Granted I was doing something highly questionable (running postgres with fsync off on ZFS) It was very painful to get to the actual issue, but I'm glad I found out.
I've always wondered if it was worth pursuing to start a simple data product with tests like these on various cloud providers to know where these corners are and what you're really getting for the money (or lack thereof).
[EDIT] To save people some time (that post is long), the command to set the feature is the following:
nvme set-feature -f 6 -v 0 /dev/nvme0n1
The docs for `nvme` (nvme-cli package, if you're Ubuntu based) can be pieced together across some man pages:
https://man.archlinux.org/man/nvme.1
https://man.archlinux.org/man/nvme-set-feature.1.en
It's a bit hard to find all the NVMe features but 6 is the one for controlling write-back caching.
https://unix.stackexchange.com/questions/472211/list-feature...
I dont have ide in this machine but I found this in the source code [1] probably pointing to [2] and thanks for the tip!
[1]https://github.com/linux-nvme/nvme-cli/blob/master/nvme-prin...
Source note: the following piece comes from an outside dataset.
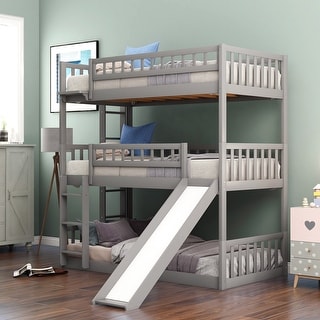 Triple Bunk Bed with Slide and Built-in Ladders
[2]https://github.com/linux-nvme/libnvme/blob/master/src/nvme/t...
ah thanks this is perfect, saved those links!
Also: https://nvmexpress.org/developers/nvme-specification/
Unlike eg. ATA and SCSI, the NVMe specs are freely available to the public. They're a little more complicated to read now that the spec has been split into a few modules, but finding the descriptions of all the optional features isn't too hard.
3 replies →
From reading your vadosware.io notes, I'm intrigued that replacing fdatasync with fsync is supposed to make a difference to durability at the device level. Both functions are supposed to issue a FLUSH to the underlying device, after writing enough metadata that the file contents can be read back later.
If fsync works and fdatasync does not, that strongly suggests a kernel or filesystem bug in the implementation of fdatasync that should be fixed.
That said, I looked at the logs you showed, and those "Bad Address" errors are the EFAULT error, which only occurs in buggy software, or some issue with memory-mapping. I don't think you can conclude that NVMe writes are going missing when the pg software is having EFAULTs, even if turning off the NVMe write cache makes those errors go away. It seems likely that that's just changing the timing of whatever is triggering the EFAULTs in pgbench.
> From reading your vadosware.io notes, I'm intrigued that replacing fdatasync with fsync is supposed to make a difference to durability at the device level. Both functions are supposed to issue a FLUSH to the underlying device, after writing enough metadata that the file contents can be read back later.
Yeah I thought the same initially which is why I was super confused --
> If fsync works and fdatasync does not, that strongly suggests a kernel or filesystem bug in the implementation of fdatasync that should be fixed.
Gulp.
> That said, I looked at the logs you showed, and those "Bad Address" errors are the EFAULT error, which only occurs in buggy software, or some issue with memory-mapping. I don't think you can conclude that NVMe writes are going missing when the pg software is having EFAULTs, even if turning off the NVMe write cache makes those errors go away. It seems likely that that's just changing the timing of whatever is triggering the EFAULTs in pgbench.
It looks like I'm going to have to do some more experimentation on this -- maybe I'll get a fresh machine and try to reproduce this issue again.
What led me to NVMe as dropping write was the complete lack of errors on the pg and OS side (dmesg, etc).